HISTORY 302G: Peoples, Armies and Governments of the Second World War (HISTORY 202G)
Clausewitz conceptualized war as always consisting of a trinity of passion, chance, and reason, mirrored, respectively, in the people, army and government. Following Clausewitz, this course examines the peoples, armies, and governments that shaped World War II. Analyzes the ideological, political, diplomatic and economic motivations and constraints of the belligerents and their resulting strategies, military planning and fighting. Explores the new realities of everyday life on the home fronts and the experiences of non-combatants during the war, the final destruction of National Socialist Germany and Imperial Japan, and the emerging conflict between the victors. How the peoples, armies and governments involved perceived their possibilities and choices as a means to understand the origins, events, dynamics and implications of the greatest war in history.
Terms: Spr
| Units: 5
Instructors:
Vardi, G. (PI)
HISTORY 303: Premodern Economic Cultures (HISTORY 203)

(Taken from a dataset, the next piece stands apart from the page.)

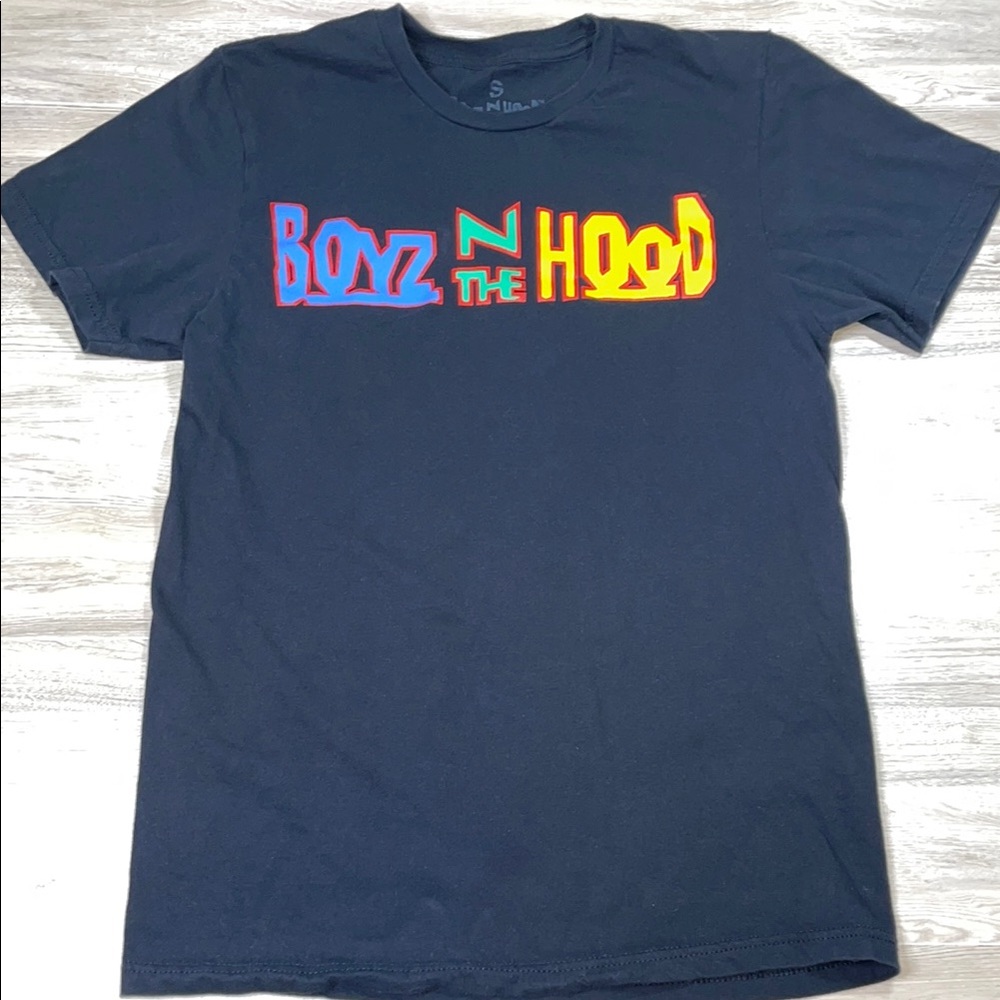 Men’s Graphic Tee with Colorful Boys N The Hood Print. Size S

Modern economists have made a science of studying the aggregate effects of individual choices. This science is based on the realities of personal freedom and individual choice. Prior to the modern era, however, different realities comprised very different economic cultures: moral economies in which greed was evil and generosity benefitted the patron's soul; familial collectives operating within historical conditioned diasporas; economies of obligation that threatened to collapse under their own weight as economic structures shifted. In this course we will be reading cross-culturally to develop an understanding of the shared and distinct elements of premodern economic cultures.
Last offered: Autumn 2024
| Units: 4-5
HISTORY 303C: History of Ignorance
Scholars pay a lot of attention to knowledge--how it arises and impacts society--but much less attention has been given to ignorance, even though its impacts are equally profound. Here we explore the political history of ignorance, through case studies including: corporate denials of harms from particular products (tobacco, asbestos), climate change denialism, and creationist rejections of Darwinian evolution. Students will be expected to produce a research paper tracing the origins and impact of a particular form of ignorance.
Last offered: Autumn 2021
| Units: 4-5
HISTORY 303F: Words and Things in the History of Classical Scholarship (CLASSICS 331)

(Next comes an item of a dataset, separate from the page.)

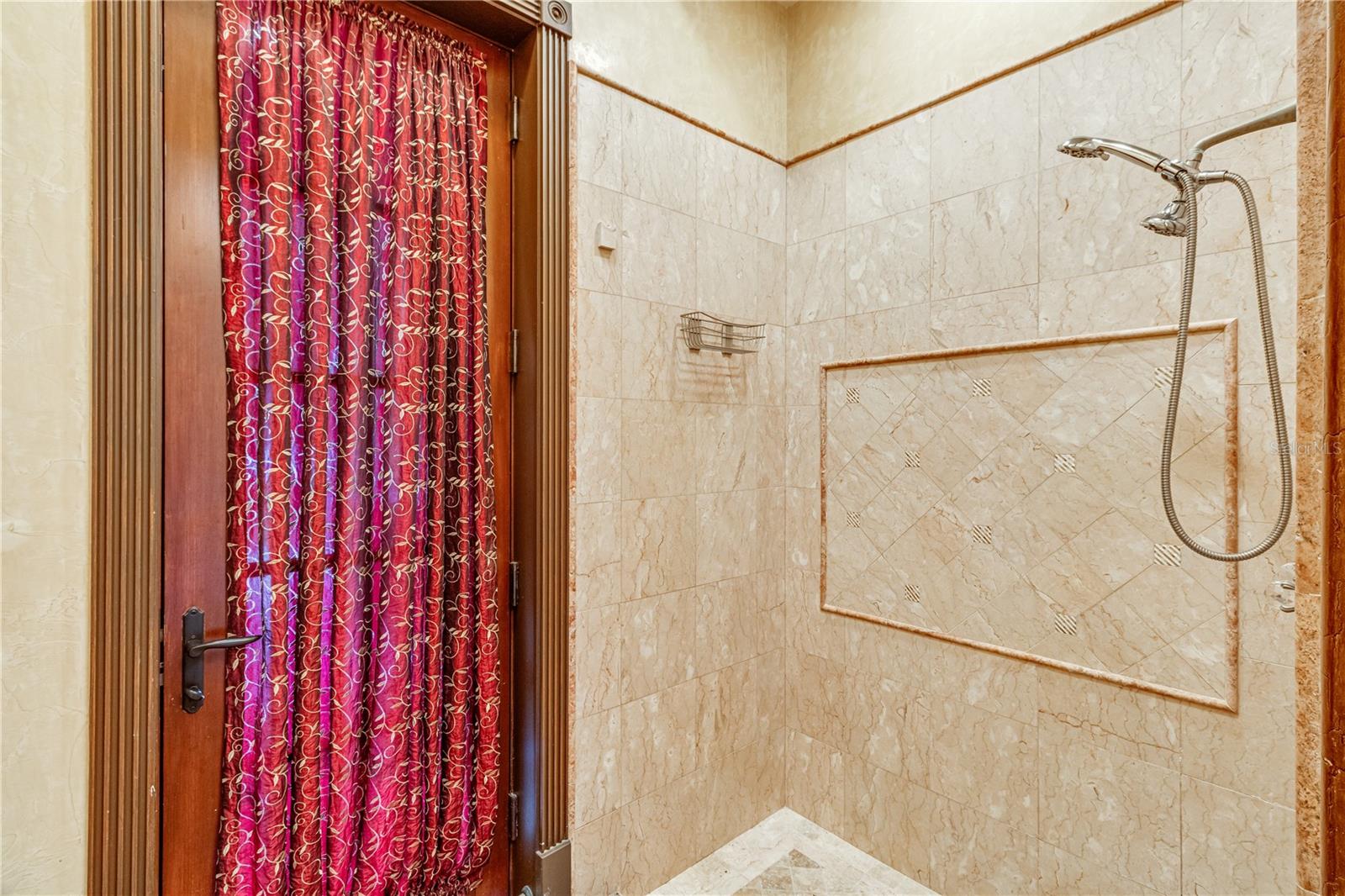 BELLAMERE - Residential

How have scholars used ancient texts and objects since the revival of the classical tradition? How did antiquarians study and depict objects and relate them to texts and reconstructions of the past? What changed and what stayed the same as humanist scholarship gave way to professional archaeologists, historians, and philologists? Focus is on key works in the history of classics, such as Erasmus and Winckelmann, in their scholarly, cultural, and political contexts, and recent critical trends in intellectual history and the history of disciplines.
Last offered: Winter 2019
| Units: 4-5
HISTORY 304: Approaches to History
For first-year History and Classics Ph.D. students. This course explores ideas and debates that have animated historical discourse and shaped historiographical practice over the past half-century or so. The works we will be discussing raise fundamental questions about how historians imagine the past as they try to write about it, how they constitute it as a domain of study, how they can claim to know it, and how (and why) they argue about it.
Terms: Aut
| Units: 5
Instructors:
Riskin, J. (PI)
;
Wigen, K. (PI)
HISTORY 304A: Capstone: Reimagining History (HISTORY 204A, HISTORY 299CA)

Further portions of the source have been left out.